If you encounter a “402” error when accessing Aria Automation, the license assigned to your vRA instance has probably expired.
Attempting to do an inventory sync in VRLC will fail, too. If you look closely at the details of the error related to the failed inventory sync, you will see indications of an invalid license.
If that is your case, then the following steps can be used to resolve the issue:
Add a license to the vRLCM(Aria Suite Lifecycle) Locker
Logon to Aria Suite Lifecycle | Locker | License
Add License Manually
Once added, the license should appear with a Healthy Status.
Replace the license on the Aria Automation Instance
Login to Aria Suite Lifecycle | Lifecycle Operations
Go to Environments and locate the environment corresponding to your Aria Automation instance.
Click View Details
Click on the horizontal ellipses and click Add License.

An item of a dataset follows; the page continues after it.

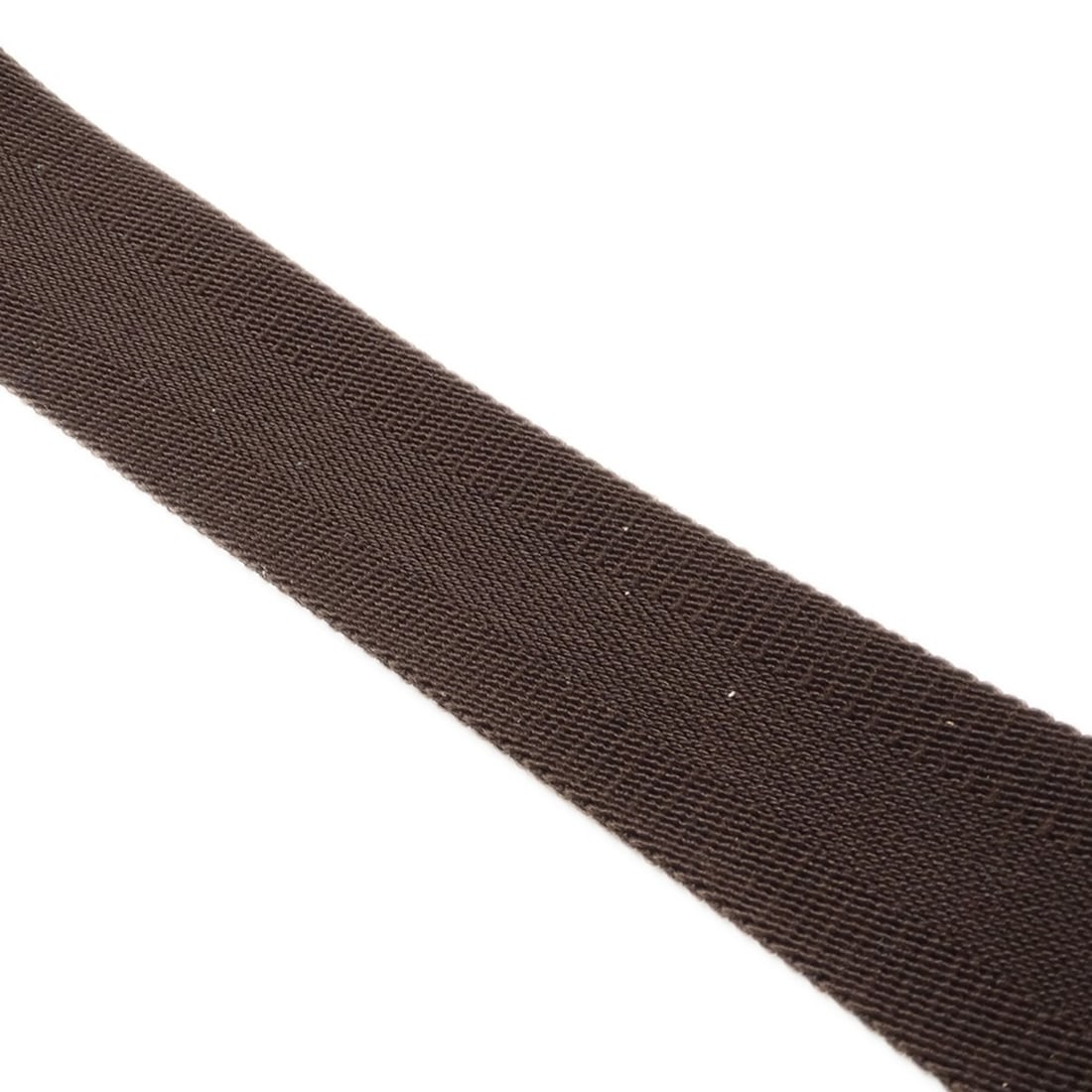 Tiffany 1837 Element Ring - 13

The wizard should list the expired license.
Select the newly added license on the Select New License page and click Next.
On the Terminate License page, select the expired license and click Finish.

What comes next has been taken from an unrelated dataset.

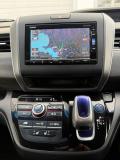 Honda Freed II Ростов-на-Дону  - изображение 40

You should see the task complete sucessfully, on the Requests page.
You should now be able to log back into Aria Automation. However, if you get a “Bad Gateway” error, reattempt after a few minutes, as the pods might still be initializing.

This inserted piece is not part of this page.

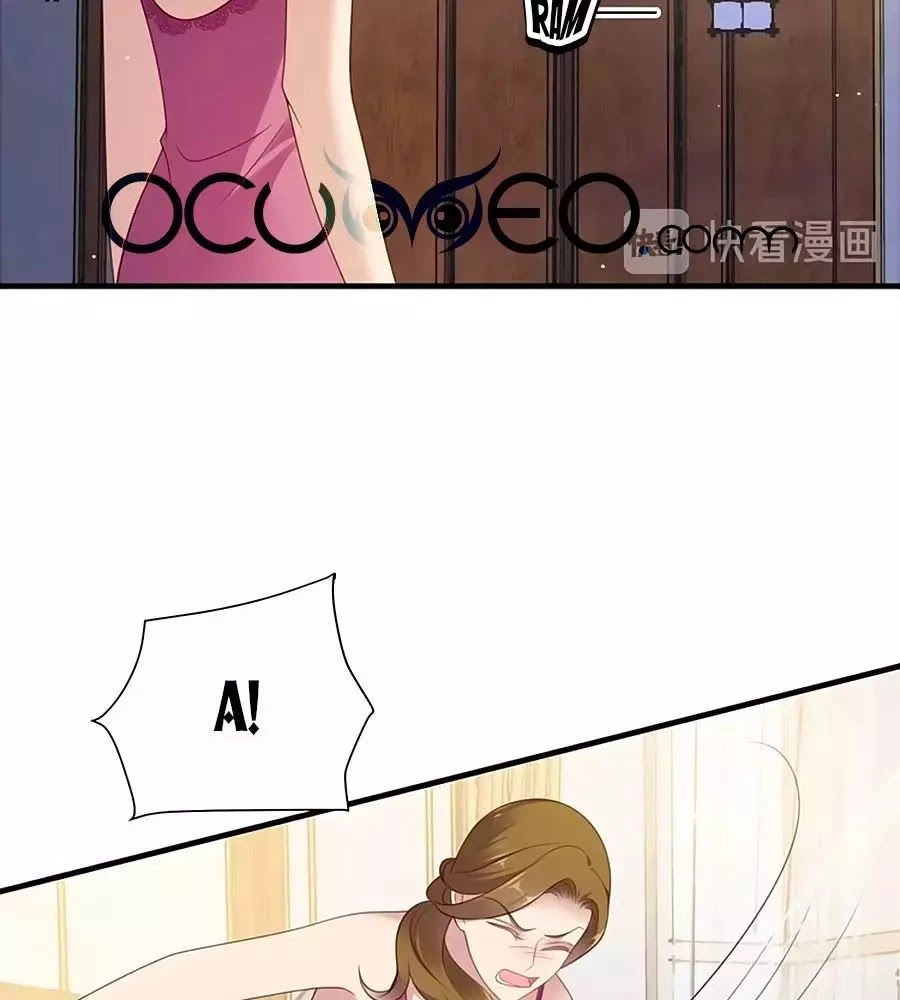 Khóa Chặt Đôi Môi Chapter 103 - 43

SSH into the VRA node and run “kubectl get pods -n prelude” to check the status of the pods. In the screenshot, you can see that several pods have not been initialized yet. You can run a Linux watch on the command to monitor its output.
Wait until all the pods are “running” before you reattempt. In the previous screenshot, note that some pods are still being initialized.
Once all the pods are running, here is how it should look.
Now that all the pods are running, you should be able to log in to the Aria Automation console again.